◆ What is expected
In the data below, how many lines contain the string "design"? Reply with the number only.

◆ Given records

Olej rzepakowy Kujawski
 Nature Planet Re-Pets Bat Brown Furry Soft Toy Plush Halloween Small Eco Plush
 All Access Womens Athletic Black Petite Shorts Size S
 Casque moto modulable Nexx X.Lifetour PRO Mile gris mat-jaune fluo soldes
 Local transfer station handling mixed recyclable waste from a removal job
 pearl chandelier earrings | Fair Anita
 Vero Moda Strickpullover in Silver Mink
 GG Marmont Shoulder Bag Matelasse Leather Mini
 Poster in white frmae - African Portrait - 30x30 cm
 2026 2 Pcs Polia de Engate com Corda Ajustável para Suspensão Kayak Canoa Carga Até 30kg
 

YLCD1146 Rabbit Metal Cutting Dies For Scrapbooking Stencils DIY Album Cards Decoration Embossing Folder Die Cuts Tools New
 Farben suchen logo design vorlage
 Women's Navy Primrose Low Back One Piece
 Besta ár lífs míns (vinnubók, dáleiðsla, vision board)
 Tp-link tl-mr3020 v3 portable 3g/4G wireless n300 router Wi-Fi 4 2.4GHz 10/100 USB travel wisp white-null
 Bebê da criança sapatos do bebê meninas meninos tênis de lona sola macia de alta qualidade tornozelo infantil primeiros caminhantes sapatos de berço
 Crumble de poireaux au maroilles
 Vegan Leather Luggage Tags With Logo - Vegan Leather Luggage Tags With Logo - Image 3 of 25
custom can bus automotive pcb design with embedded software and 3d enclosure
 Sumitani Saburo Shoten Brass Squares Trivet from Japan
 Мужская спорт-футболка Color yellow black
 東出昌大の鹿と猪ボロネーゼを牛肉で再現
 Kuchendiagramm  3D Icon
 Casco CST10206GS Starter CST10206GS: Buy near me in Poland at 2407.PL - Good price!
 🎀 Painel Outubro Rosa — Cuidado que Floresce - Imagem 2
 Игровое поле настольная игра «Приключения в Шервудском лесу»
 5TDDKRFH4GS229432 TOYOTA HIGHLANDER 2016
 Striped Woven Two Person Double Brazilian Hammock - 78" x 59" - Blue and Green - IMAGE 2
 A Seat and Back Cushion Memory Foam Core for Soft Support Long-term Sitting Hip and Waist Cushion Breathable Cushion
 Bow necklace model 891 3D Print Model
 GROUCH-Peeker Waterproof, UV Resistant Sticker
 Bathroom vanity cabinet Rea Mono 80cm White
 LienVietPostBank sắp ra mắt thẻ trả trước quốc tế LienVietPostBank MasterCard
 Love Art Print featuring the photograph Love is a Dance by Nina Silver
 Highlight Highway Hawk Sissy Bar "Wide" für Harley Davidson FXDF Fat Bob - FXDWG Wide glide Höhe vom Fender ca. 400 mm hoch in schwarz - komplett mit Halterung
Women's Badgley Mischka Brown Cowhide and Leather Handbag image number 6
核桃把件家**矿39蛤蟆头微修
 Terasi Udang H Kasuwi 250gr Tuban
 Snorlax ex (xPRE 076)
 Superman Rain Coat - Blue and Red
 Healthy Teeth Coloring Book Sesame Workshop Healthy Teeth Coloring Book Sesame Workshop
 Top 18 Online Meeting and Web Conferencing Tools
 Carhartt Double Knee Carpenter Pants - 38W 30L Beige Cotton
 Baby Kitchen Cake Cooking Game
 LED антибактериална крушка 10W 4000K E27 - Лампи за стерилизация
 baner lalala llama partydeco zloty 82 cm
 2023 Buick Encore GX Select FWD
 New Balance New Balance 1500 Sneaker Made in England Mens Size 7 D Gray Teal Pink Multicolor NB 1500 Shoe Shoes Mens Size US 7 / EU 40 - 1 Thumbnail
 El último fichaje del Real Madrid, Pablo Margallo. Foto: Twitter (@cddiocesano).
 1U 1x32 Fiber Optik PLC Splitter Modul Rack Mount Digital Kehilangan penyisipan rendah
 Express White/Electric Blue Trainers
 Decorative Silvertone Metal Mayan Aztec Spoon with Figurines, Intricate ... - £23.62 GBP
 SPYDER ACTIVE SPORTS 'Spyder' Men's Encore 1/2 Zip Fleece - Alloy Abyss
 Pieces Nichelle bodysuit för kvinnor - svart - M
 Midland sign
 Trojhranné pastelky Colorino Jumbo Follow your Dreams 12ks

◆ Reply to the exercise
2